**Your task:** Every record that follows should be copied exactly. No picture belongs in the copy.

Start of Material provided

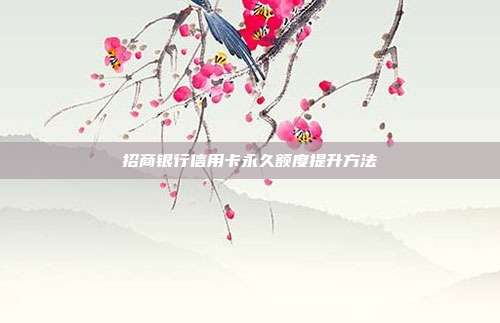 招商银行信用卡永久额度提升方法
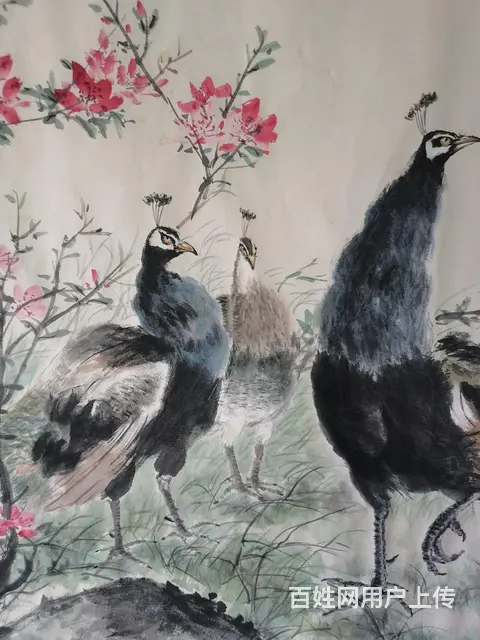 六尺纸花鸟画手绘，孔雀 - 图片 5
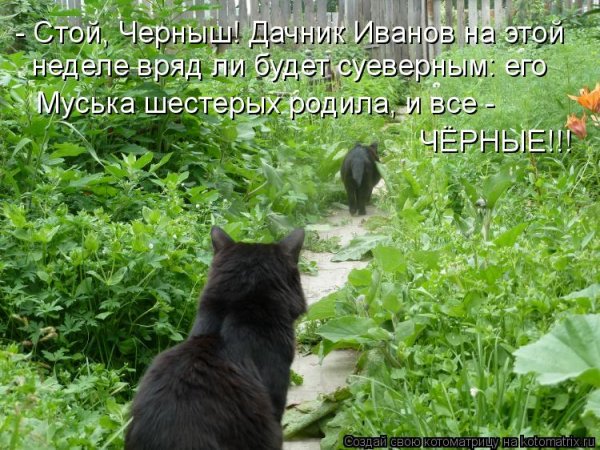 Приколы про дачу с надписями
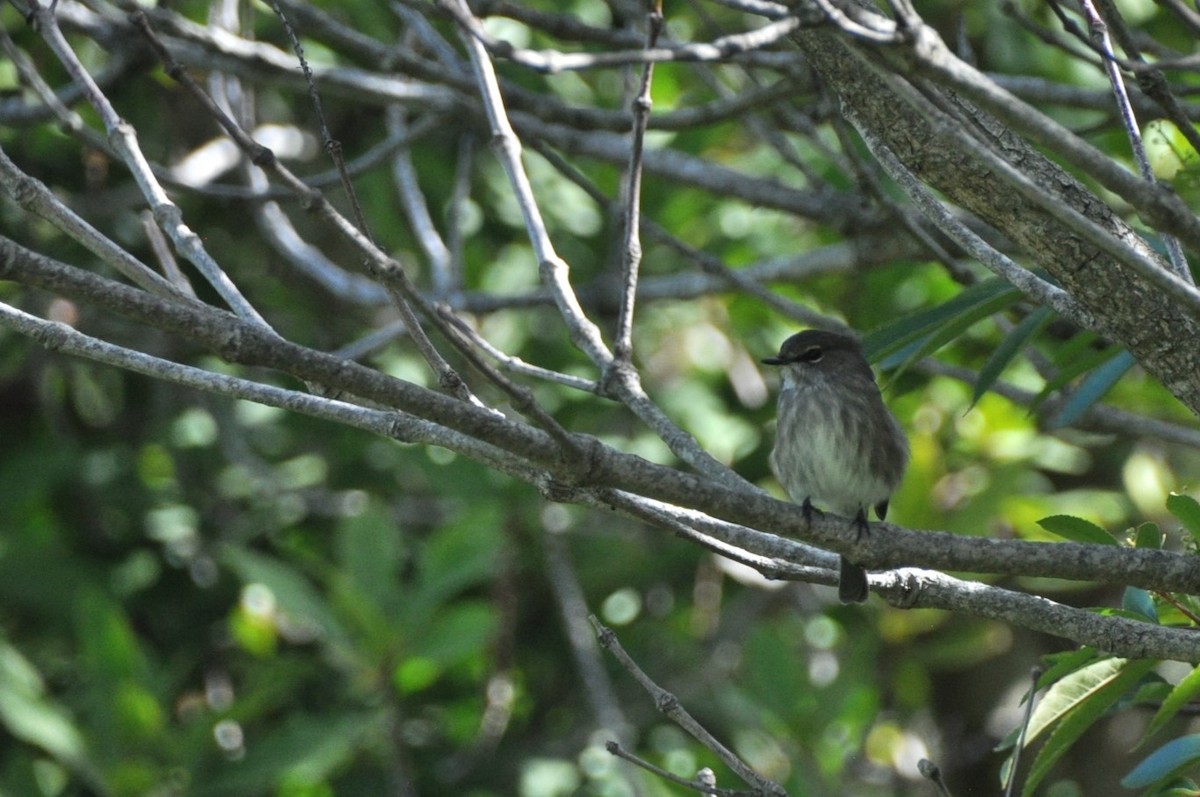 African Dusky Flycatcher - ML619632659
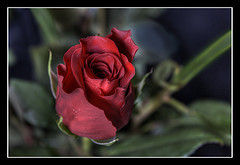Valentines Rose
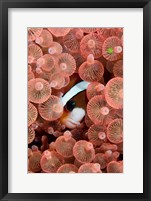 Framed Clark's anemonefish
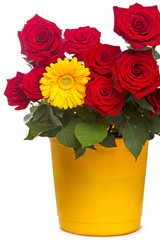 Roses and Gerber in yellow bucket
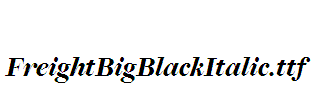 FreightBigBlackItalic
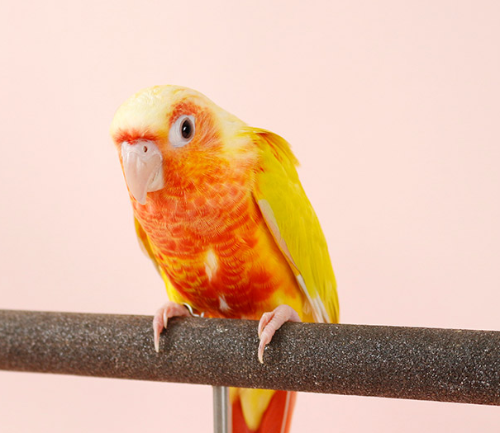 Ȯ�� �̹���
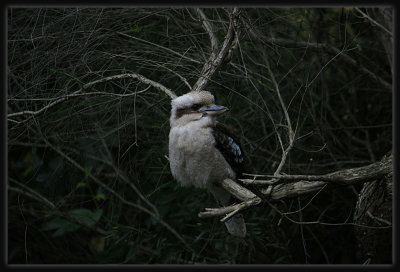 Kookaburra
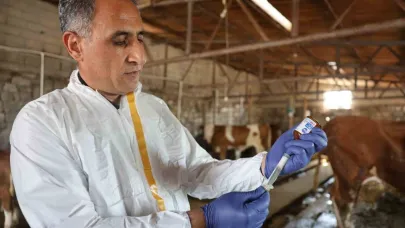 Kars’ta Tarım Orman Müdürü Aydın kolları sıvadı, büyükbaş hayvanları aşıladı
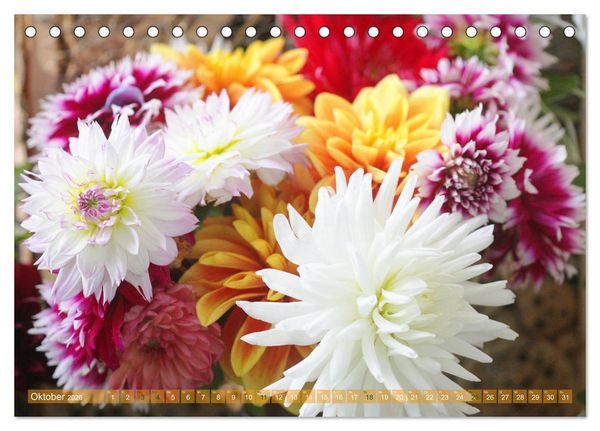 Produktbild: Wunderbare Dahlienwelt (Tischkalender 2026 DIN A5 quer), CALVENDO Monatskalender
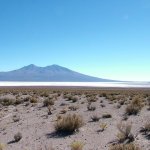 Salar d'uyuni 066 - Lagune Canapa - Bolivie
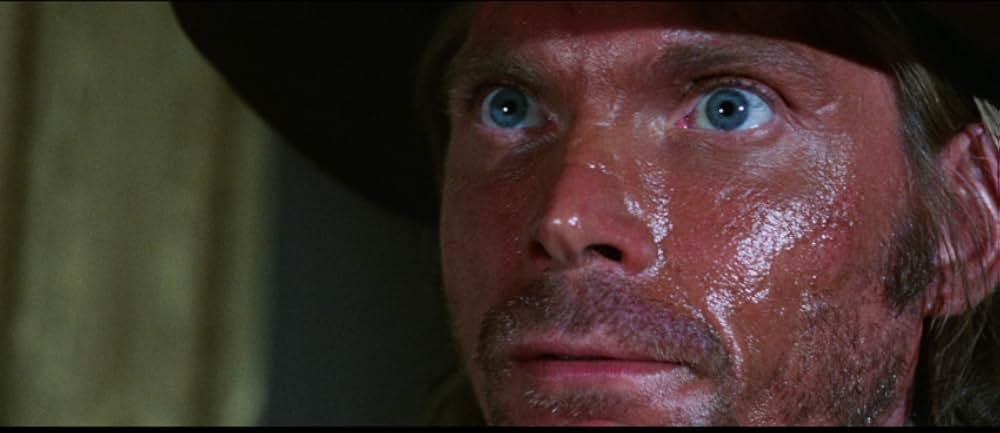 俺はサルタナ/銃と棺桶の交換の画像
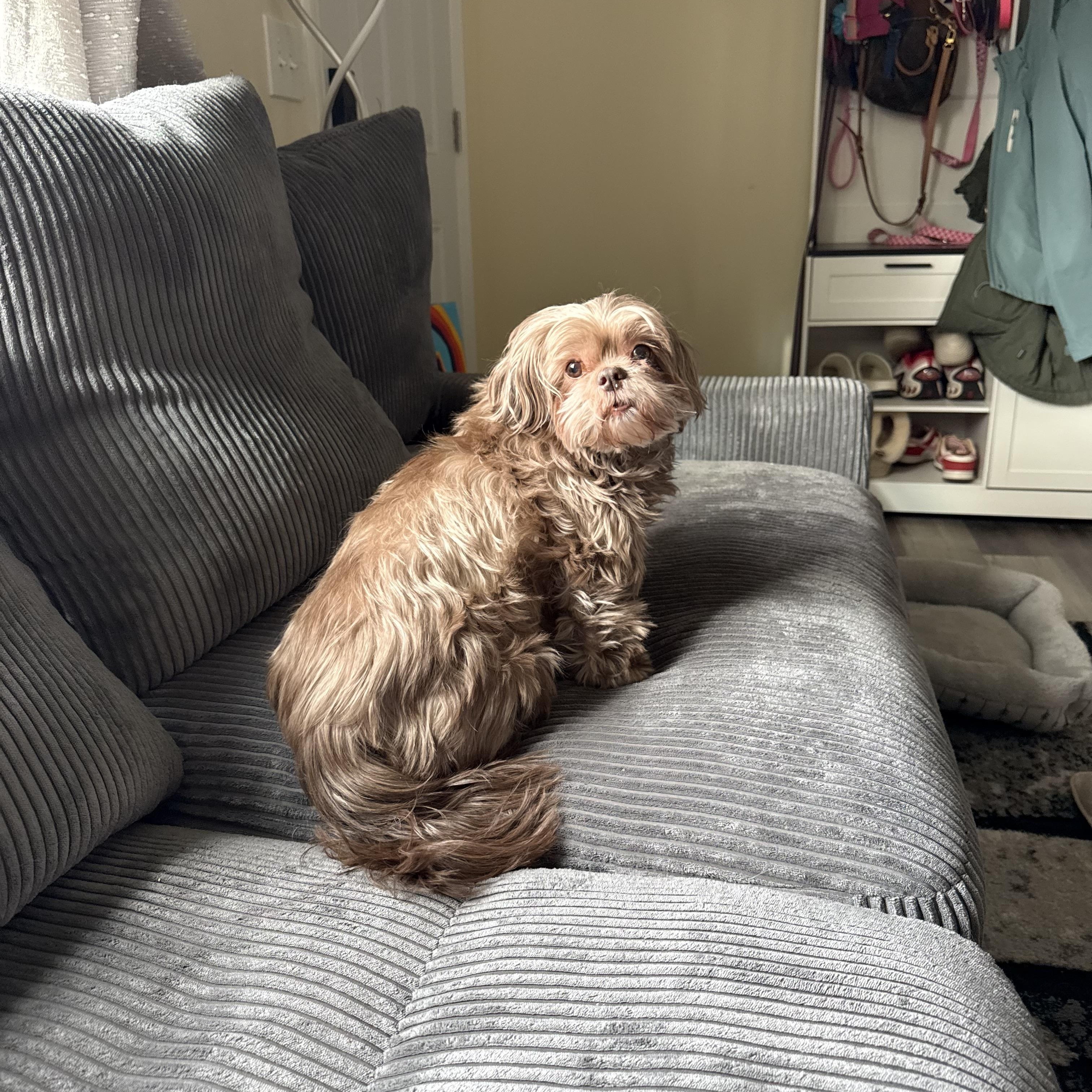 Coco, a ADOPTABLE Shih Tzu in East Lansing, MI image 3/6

End of Material provided

**Written answer:**
 招商银行信用卡永久额度提升方法
 六尺纸花鸟画手绘，孔雀 - 图片 5
 Приколы про дачу с надписями
 African Dusky Flycatcher - ML619632659
Valentines Rose
 Framed Clark's anemonefish
 Roses and Gerber in yellow bucket
 FreightBigBlackItalic
 Ȯ�� �̹���
 Kookaburra
 Kars’ta Tarım Orman Müdürü Aydın kolları sıvadı, büyükbaş hayvanları aşıladı
 Produktbild: Wunderbare Dahlienwelt (Tischkalender 2026 DIN A5 quer), CALVENDO Monatskalender
 Salar d'uyuni 066 - Lagune Canapa - Bolivie
 俺はサルタナ/銃と棺桶の交換の画像
 Coco, a ADOPTABLE Shih Tzu in East Lansing, MI image 3/6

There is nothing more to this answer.